AI and Design: What Creatives Need to Know

We spoke to Nini van der Walt, a Graphic Design and Digital Design lecturer at Red & Yellow Creative School of Business, about what designers need to know about AI. With decades of experience across publishing, advertising, and education, Nini has seen creative industries evolve through many technological shifts. Her perspective on AI is strikingly positive; it’s not a threat, but a tool. Here’s her take on how designers can embrace AI without losing their unique human edge.

Should We Be Worried About AI? 

No! Please do not worry. Look AI straight in the eye and give it a wink. 

AI feeds off humans’ intellectual property - not the other way around. Current AI systems are essentially advanced pattern-recognition tools. They don’t have consciousness, awareness, or intention. What they produce is a rearrangement of human-created material - words, images, films, and designs - into new structures. 

Humans remain the source. We generate the ideas, culture, and aesthetics that AI learns from. If AI ever began feeding primarily itself, its quality would degrade quickly, and people would notice. In fact, many creatives are already tired of bland, generic AI outputs. That’s why design trends are swinging back toward raw, imperfect, and sentimental aesthetics. Imperfections are cool again. 

AI is powerful, but it’s still just a tool. We’re not being replaced - we’re working with a new instrument. 


Five Things Designers Should Consider in the Age of AI

1. Stay One Step Ahead 

AI will only steal your job if you surrender it.
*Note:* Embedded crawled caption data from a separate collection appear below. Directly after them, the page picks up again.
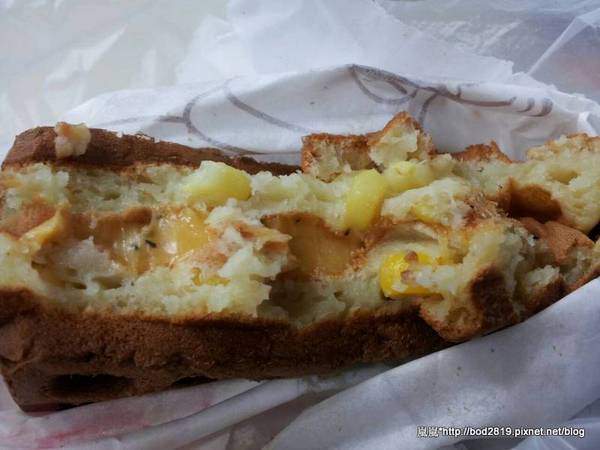 Q媽鬆餅屋：【台中東海】Q媽鬆餅屋－下午方便的小點心（屈臣氏、大鍋烙餅旁）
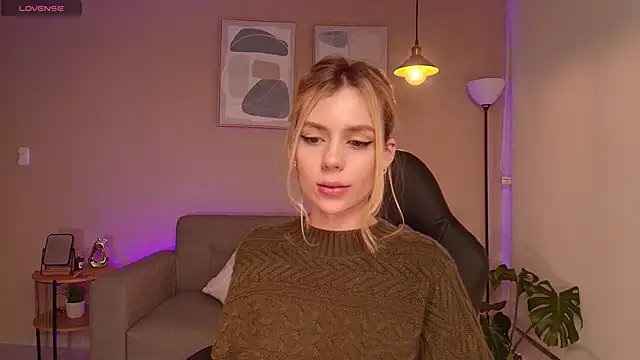 MirandaShaw online show from 02/10/25, 02:41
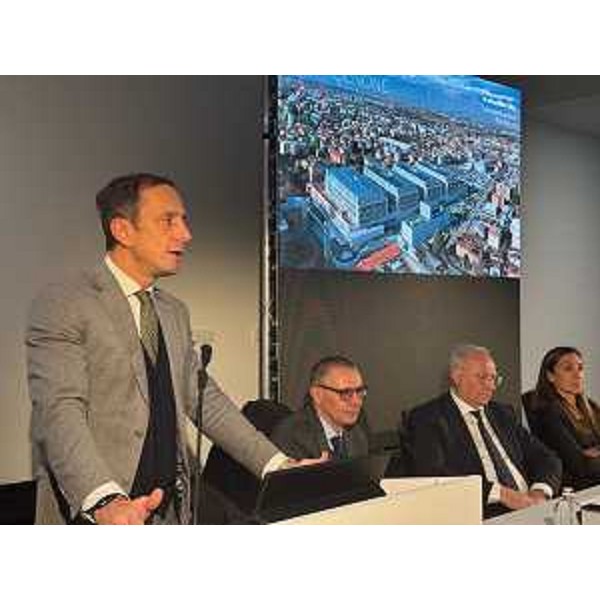 Il governatore Fedriga durante il suo intervento a Pordenone - Il governatore Fedriga durante il suo intervento a Pordenone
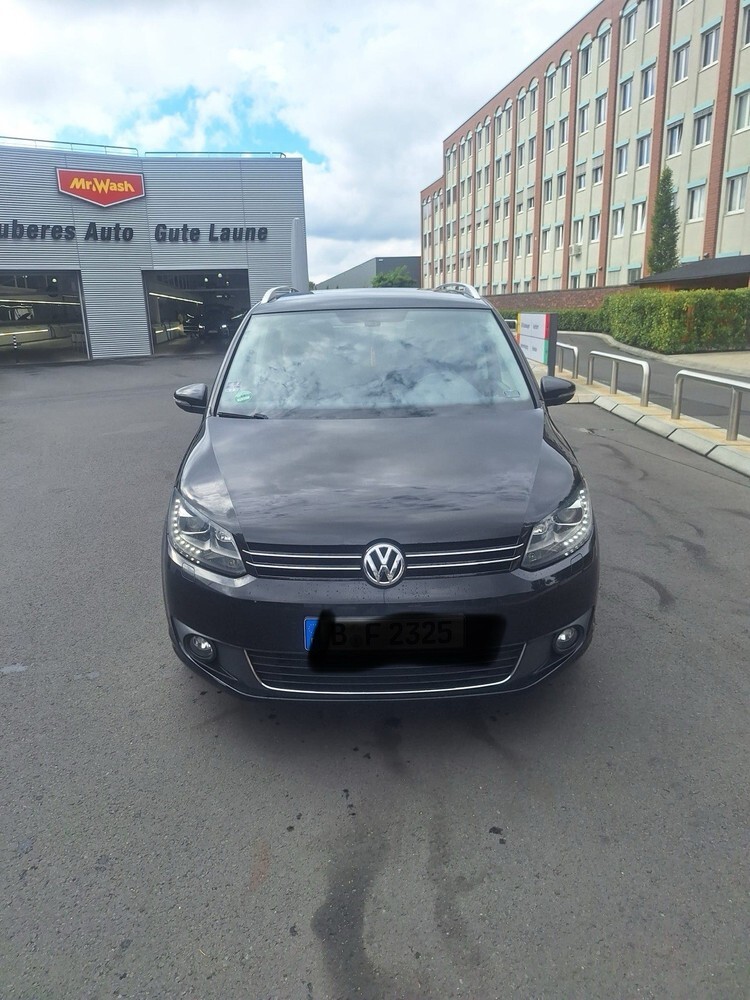 VW Touran 192.000 km 8.900 € Berlin 10178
The trick is to keep your finger on the pulse. Follow Instagram accounts, save folders on Pinterest and Behance, listen to podcasts, and watch TEDx talks. Stalk about the technology a little - know what it’s doing before it knows what you’re doing. 

Curiosity is now part of the job description. Read, research, and question everything. The one thing that will catch you out is the thing you didn’t know was happening. 

Think of it like past shifts: cars didn’t replace bicycles; Photoshop didn’t replace hand-drawn illustrations. They simply expanded the toolkit. AI is the same. 

 2. Stop Being a Designer. Start Being a Visual Communicator. 

AI’s superpower is speedy. It can generate designs in seconds, but they often feel predictable and cliché. That’s because AI recombines patterns from existing work. It rearranges the past; it rarely invents something truly new. 

Don’t compete with AI on speed - you’ll lose. Instead, you need to slow down and design thoughtfully. Aim for conceptual and impactful work. The things AI cannot replace - judgment, nuance, empathy, and storytelling - are the things that matter most. 

Think bigger: become an AI director, a brand architect, and a narrative builder. Human-centered design, rooted in empathy and real user needs, is where iconic work comes from! 

 3. Use AI as Your Personal Assistant 

Clients rarely know exactly what they want. More often, they know what they don’t want. That’s where designers step in - interpreting, reading between the lines, and translating vague briefs into meaningful solutions. 

AI can help here. It can analyze briefs, highlight gaps, and generate rough scamps to test with clients early on. This speeds up alignment and reduces back-and-forth. But the soul of the work - empathy, the context, the final craft - remains human. 

AI saves time, but the invoice stays the same. The value lies in your thinking, not just execution. 

 4. Learn to Prompt Properly 

Prompting is your secret superpower. AI doesn’t know your intentions - it only knows what you say about it. Vague prompts lead to biased, generic outputs. 

Be precise. Specify subject, action, environment, style, and mood. For example: “A cyberpunk samurai standing on a rainy, neon-lit rooftop in Cape Town, in a hyper-realistic digital painting style, with moody cinematic lighting and deep shadows.” 

The better your prompt, the better your output. AI won’t guess - you have to tell it exactly what you want. 

 5. Keep Learning New Platforms 

AI platforms evolve fast. What was cutting-edge last year is old news today. Even Adobe apps update constantly, integrating clever AI features. Stay curious, refine your prompts, and don’t get lazy. 

Often, refining AI results takes longer than creating something from scratch - which is why many designers use AI as a starting point, then rebuild the final work themselves. That balance between AI-generated ideas and human craft is where magic happens. 

And here’s a fun hack: ask AI which newer, better platforms exist. It will happily point you to competitors. Use that “stupidity” to your advantage. 

 Final Thoughts 

AI is not here to replace designers. It’s here to challenge us to think bigger, stay curious, and design with more empathy and intention. The creatives who thrive will be those who embrace AI as a tool, not a threat - using it to sharpen their storytelling, deepen their research, and expand their visual communication. 

Sit back, buckle up, and enjoy the ride.